── ENTRIES SUPPLIED ──

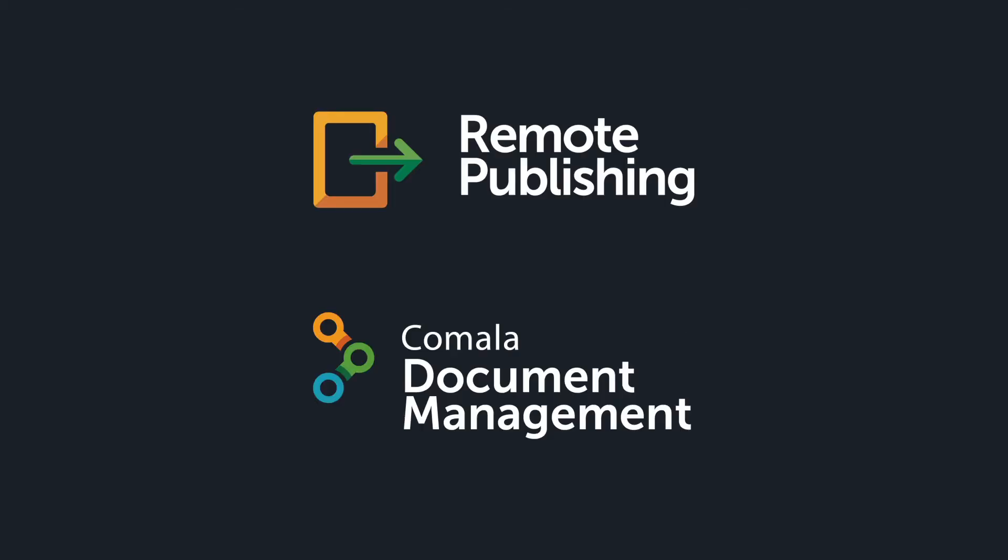One thing to note is that Kamala Remote Publishing works together with Kamala Document Management, our app for building workflows in Confluence, so you'll need both apps for this solution.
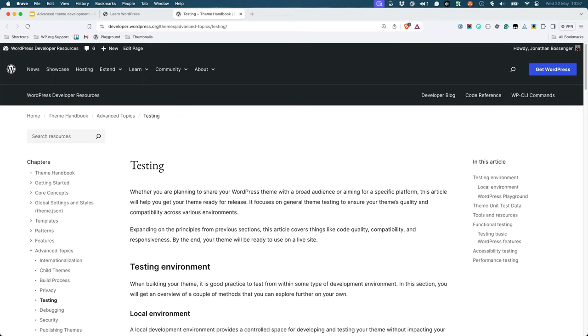For more information on testing your theme, including all the tips and tools mentioned in this lesson, check out the Testing page under Advanced Topics in the Theme Developer Handbook.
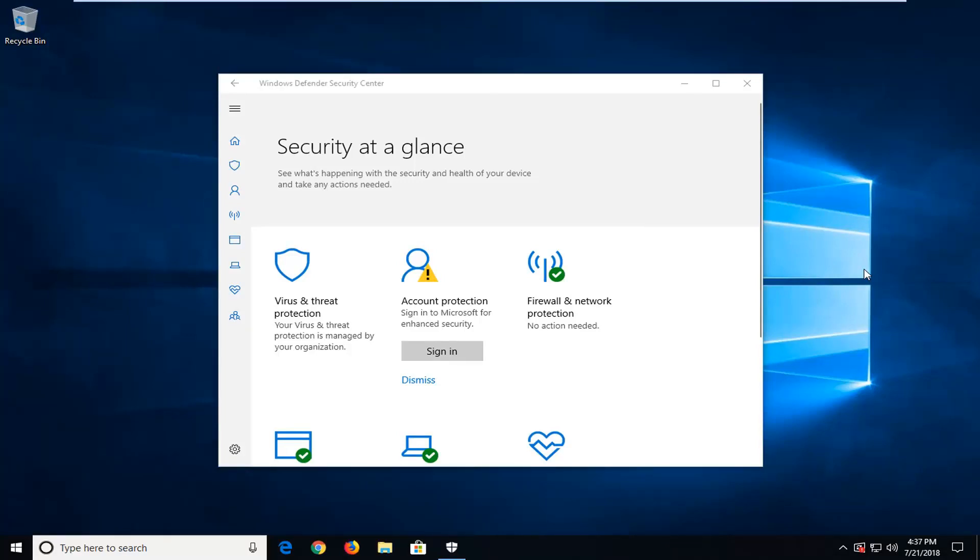In today's tutorial, I'm going to show you guys how to hide the Windows Defender Security Center icon in your system tray. This should hopefully be a pretty straightforward tutorial and without further ado,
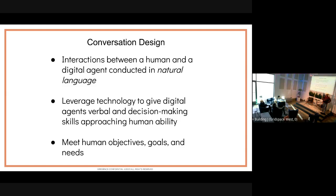On the more technical side, conversation design leverages a key set of technologies — ASR, NLU, and TTS — to give digital agents the skills in communications and decision-making within a conversation that approach human ability. And ultimately, the goals of conversation design are to deploy conversational experiences to meet human objectives, business objectives, wanting to get something done, needing help with a product or service.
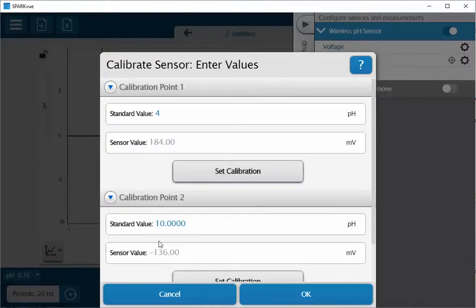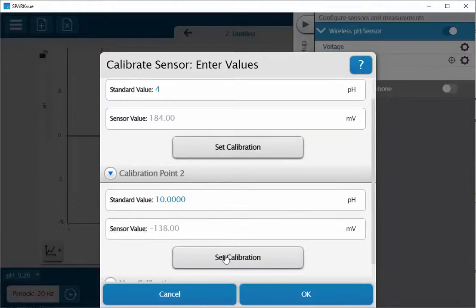Again, this is the value in millivolts that's being read directly. I'll wait for it to stabilize and once that's happened we'll go ahead and scroll on down and hit set calibration and I'll click OK.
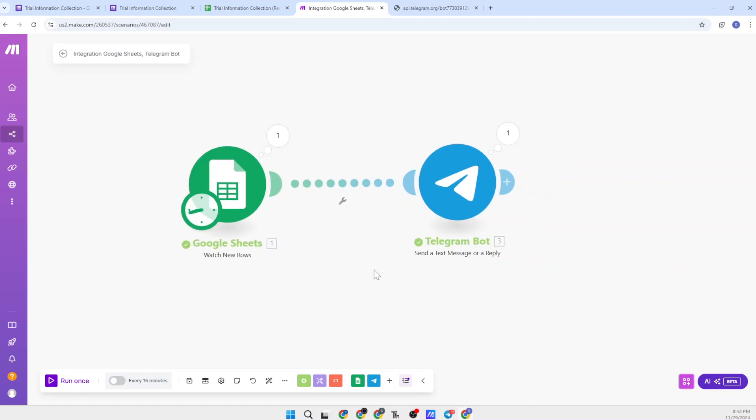This is the way you can create a bot and set up your Google Sheet to Telegram automation. Let me know if you have any questions — I will try my best to reply and help you. Thank you so much.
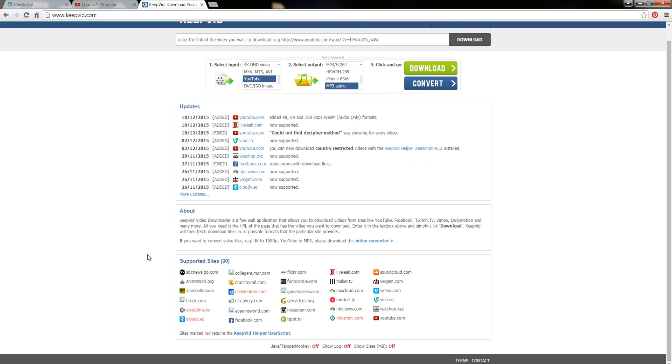Now if you look down at the bottom here, it actually shows you all the different websites that are supported by this particular website. So you can get videos from NBC News, from YouTube, from Vine, Vimeo. It has quite a few websites that it works with that would be really great for school, especially discovery.com and things like that.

───

● TASK DETAILS
Starting at the first line of the data, set down each line exactly until you have copied the line with "This is the way", but leave the pictures out.

● RESPONSE TO THE TASK
One thing to note is that Kamala Remote Publishing works together with Kamala Document Management, our app for building workflows in Confluence, so you'll need both apps for this solution.
For more information on testing your theme, including all the tips and tools mentioned in this lesson, check out the Testing page under Advanced Topics in the Theme Developer Handbook.
In today's tutorial, I'm going to show you guys how to hide the Windows Defender Security Center icon in your system tray. This should hopefully be a pretty straightforward tutorial and without further ado,
On the more technical side, conversation design leverages a key set of technologies — ASR, NLU, and TTS — to give digital agents the skills in communications and decision-making within a conversation that approach human ability. And ultimately, the goals of conversation design are to deploy conversational experiences to meet human objectives, business objectives, wanting to get something done, needing help with a product or service.
Again, this is the value in millivolts that's being read directly. I'll wait for it to stabilize and once that's happened we'll go ahead and scroll on down and hit set calibration and I'll click OK.
This is the way you can create a bot and set up your Google Sheet to Telegram automation. Let me know if you have any questions — I will try my best to reply and help you. Thank you so much.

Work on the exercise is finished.